Dix Stadium is a stadium in Kent, Ohio. It is primarily used for American football, and is the home field of the Kent State University Golden
Flashes. It lies at the far eastern end of the KSU campus along Summit Street, just east of State Route 261 and is the center piece of what has
become an athletic complex. From 1997-2005, the field hockey team also played its games at the stadium until a new field hockey stadium was
constructed behind Dix Stadium. The KSU Softball, Women's Soccer, Field Hockey, and Indoor Track teams all play their home matches in
facilities around Dix Stadium. The stadium also hosts the occasional high school football game and served as the host of the 2001 NCAA
Division I Field Hockey Championship. It opened on September 13, 1969 with a win against in-state rival Dayton. It was named in honor of Robert
C. Dix, a member of Kent's Board of Trustees for more than three decades.
The 29,287-seat stadium consists of four separate grandstands on each side of the field. The west side is the largest, and the recently rebuilt
east side (student seating) is the smallest. On either side of the east grandstands are spaces for party tents. Permanent lights were added in
1996. Artificial turf was installed in 1997 and replaced in 2005 with the latest version of FieldTurf. The current scoreboard with a 15x17-foot
video display was added in 1998. Prior to the 2002 season, the east side stands, remnants of the original Memorial Stadium, were demolished.
The current east side bleachers were constructed after the 2002 season and were completed in time for the 2003 season opener.

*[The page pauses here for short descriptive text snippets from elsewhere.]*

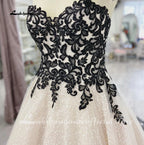 Chic Sleeveless Sweetheart Wedding Dresses for Women Plus Size Black and White A-Line Tulle Bridal Dress Customized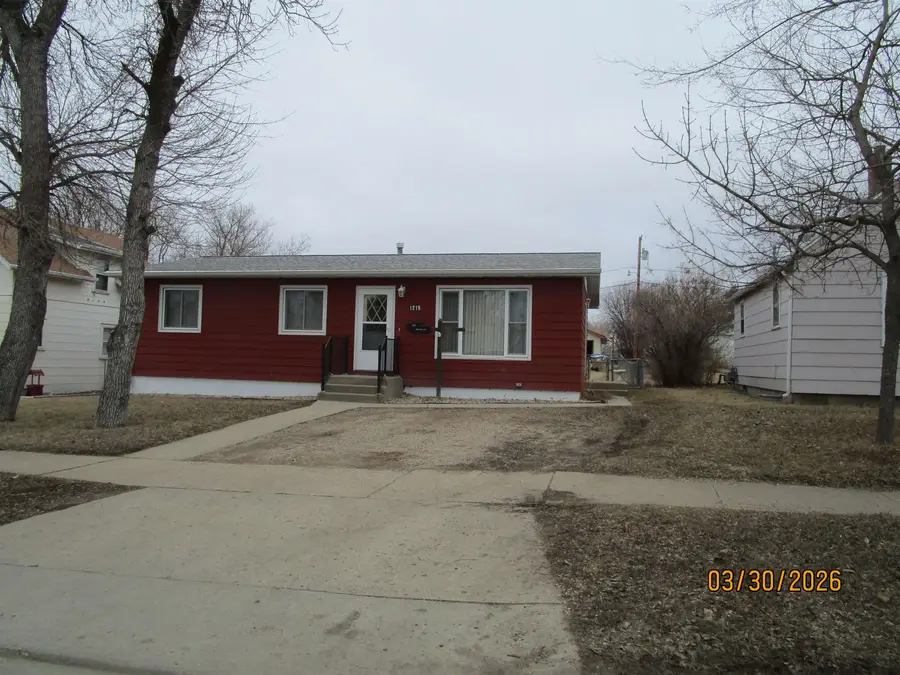 1215 6TH ST SW, Minot, ND 58701 - #2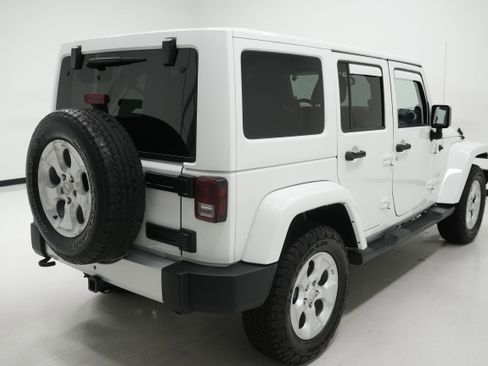 Used 2014 Jeep Wrangler Unlimited Sahara w/ Connectivity Group image 4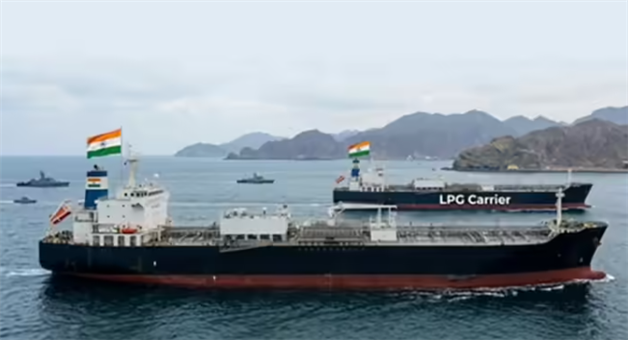 Khabar Odisha:relief-for-india-four-indian-ships-to-cross-strait-of-hormuz-lpg-crisis-update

The new
configuration slightly altered the stadium's seating capacity reducing it from 30,520 to the current 29,287.
In June 2007, the university began phase one of a two-to-four year project of renovations and upgrades to Dix Stadium. Phase one includes
painting the north end zone bleachers gold as well as upgrades to the press box and a permanent canopy over the camera areas. New and
improved entryways to the west stands are also being constructed along with a new road to the neighboring field house. Other future plans
include replacing the fencing around the stadium with a brick and wrought iron fence by 2008 as well as removal of the south end zone seating.
In the south end zone, plans call for the seating to be replaced with a grassy hill with a new archway and scoreboard (similar to the setup at
Miami University's Yager Stadium) as well as a message board facing Summit Street. Phase one is expected to be completed by the beginning of
the 2007 home football season in September.